According to the suit, KV’s former chief executive David Van Vliet told Hughes that her stock options “would be worth $2 million,” but the suit did not specify what period of time Vliet may have referenced. Vliet could not be reached Friday for comment.

Hughes claims that during the time period when she attempted to exercise her stock options from June 2010 to June 2011, the fair market value of KV stock was well above the option purchase price as set forth in her stock option agreements.

According to Bloomberg News, the average price of KV’s common shares during that time period was $3.17, with a low of 61 cents and a high of $13.07.

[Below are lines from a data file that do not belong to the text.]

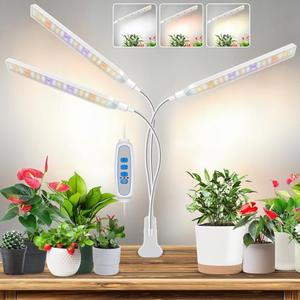 Kullinss White Grow Light, Clip On Plant Lights for Indoor Growing with 6/12/16H Timer, 3 Color Modes, DC Plug, 30W 171 LEDs Full Spectrum Plant Lamp, Grow Lights for Indoor Plants, Herbs, Seedlings
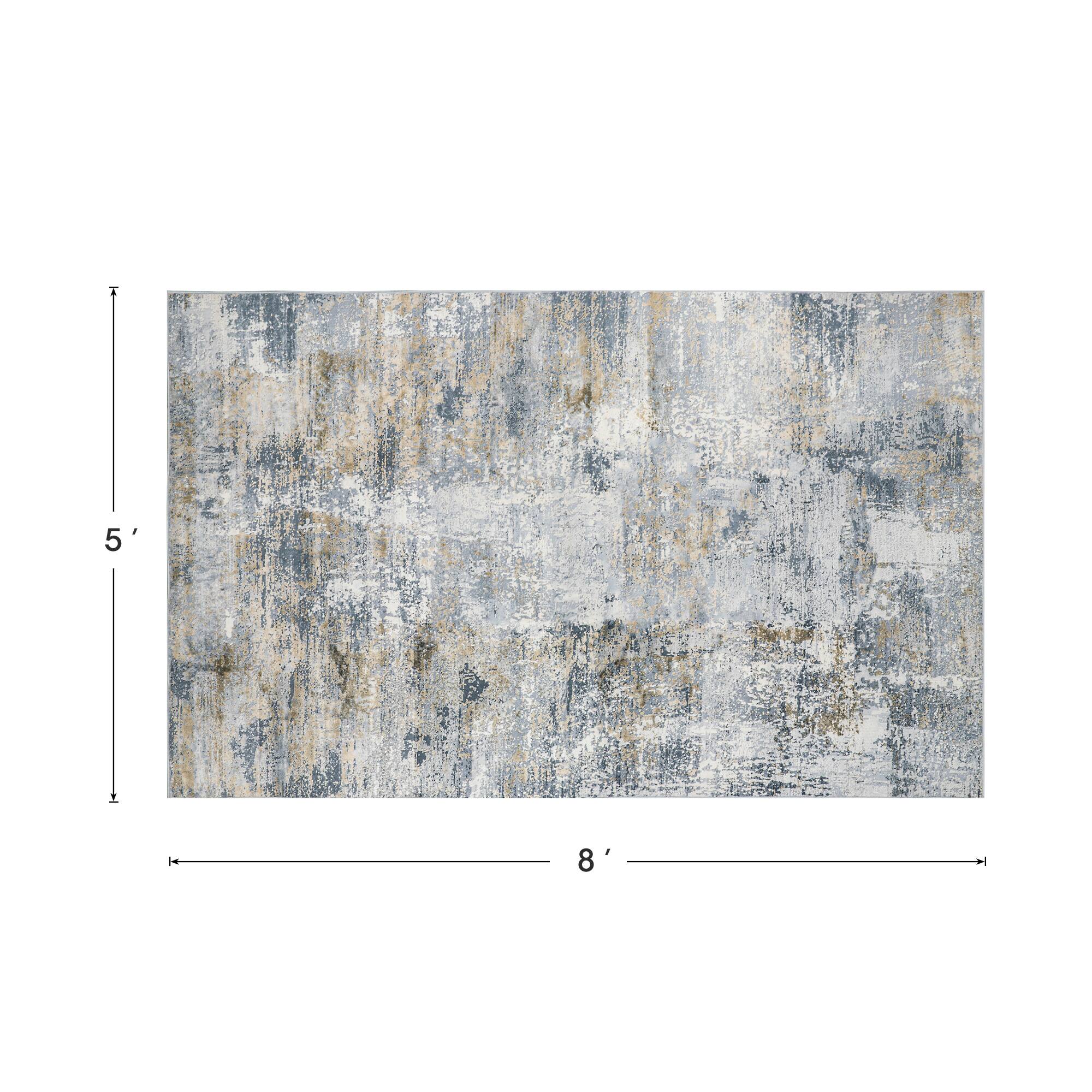 Glitzhome® 5ft. x 8ft. Gray, Ivory & Tan Abstract Area Rug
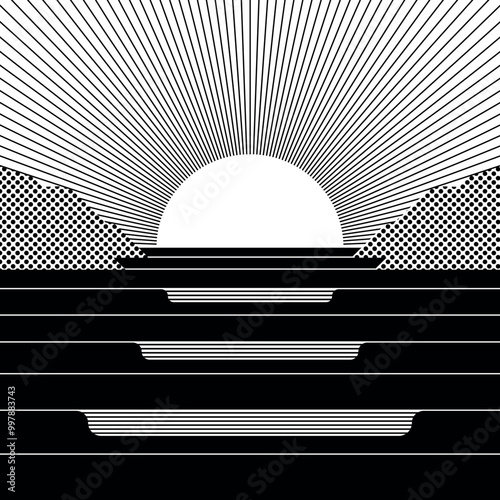 Minimalist black and white landscape of a sunrise with straight lines and geometric patterns.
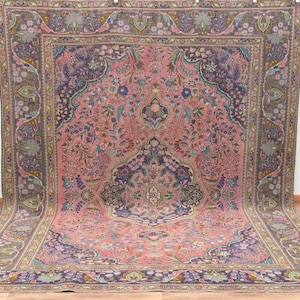 Large Vintage Persian Area Rug: Red & Navy Wool, Handmade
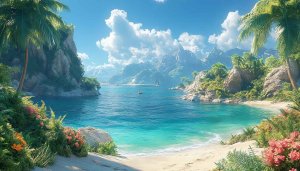 Tropical Island Beach Wallpaper, Palm Trees, Ocean Landscape Background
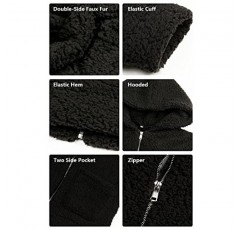 Comeon 여성 캐주얼 코트 옷깃 양털 퍼지 가짜 Shearling 지퍼 후드 따뜻한 겨울 오버 사이즈 자켓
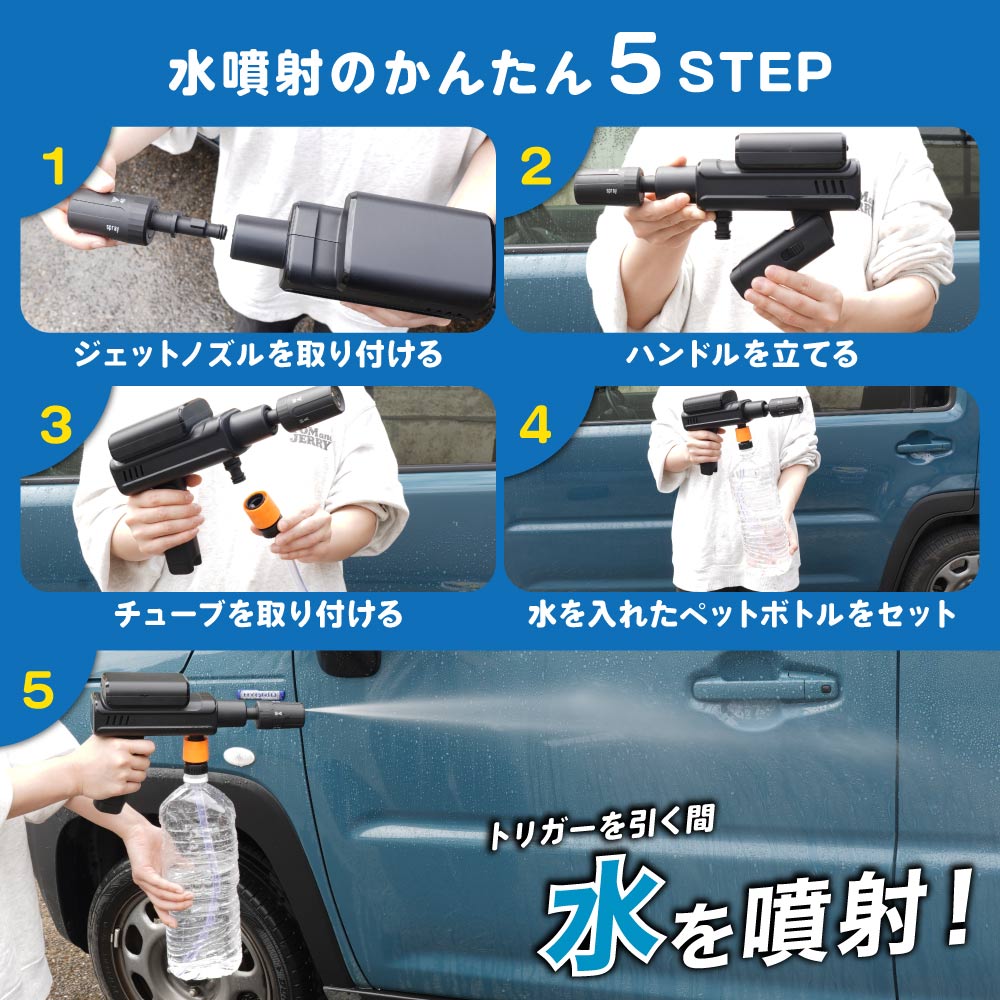 THANKO 高圧洗浄機 コードレス 充電式 小型 家庭用 洗車 ハンディ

Hughes was notified last June that KV’s board of directors had canceled her stock options because they had expired before being exercised, the suit alleges.

Source

11/21/2011 (7:08 pm)

Alleghany buying Transatlantic in $3.4B deal

Filed under: Stock market, Uncategorized |

Property and casualty insurer Alleghany Corp. has agreed to buy the insurer Transatlantic Holdings Inc. in a cash-and-stock deal valued at about $3.4 billion.

The companies say the deal values Transatlantic at about $59.79 per share. That’s a 10 percent premium to the company’s $54.43 Friday closing stock price.

New York-based Transatlantic had been courted by several businesses, receiving takeover offers from Validus Holdings Ltd. and a unit of Warren Buffett’s Berkshire Hathaway Inc., National Indemnity Corp. It also said in October that it had started confidential talks with an unnamed party.

In the deal with Alleghany, Transatlantic stockholders will receive 0.145 shares of Alleghany and $14.22 in cash for each share they own.

The companies say the deal announced Monday is expected to close early next year.

Source

11/03/2011 (11:20 pm)

Worker productivity rises, labor costs fall

Filed under: Uncategorized, money |

U.S. workers increased their productivity this summer by the largest amount in a year and half, and they cost their employers less. The trend is good for corporate profits but not necessarily for job growth.

The Labor Department says productivity rose at an annual rate of 3.1 percent in the July-September quarter after two straight quarterly declines. Labor costs dropped at an annual rate of 2.4 percent in the third quarter, the first decline since late 2010 pay day loan lenders.

Productivity is the amount of output per hour of work. The big jump in productivity in the third quarter reflected the fact that economy had its best quarterly growth in a year while hours worked were little changed.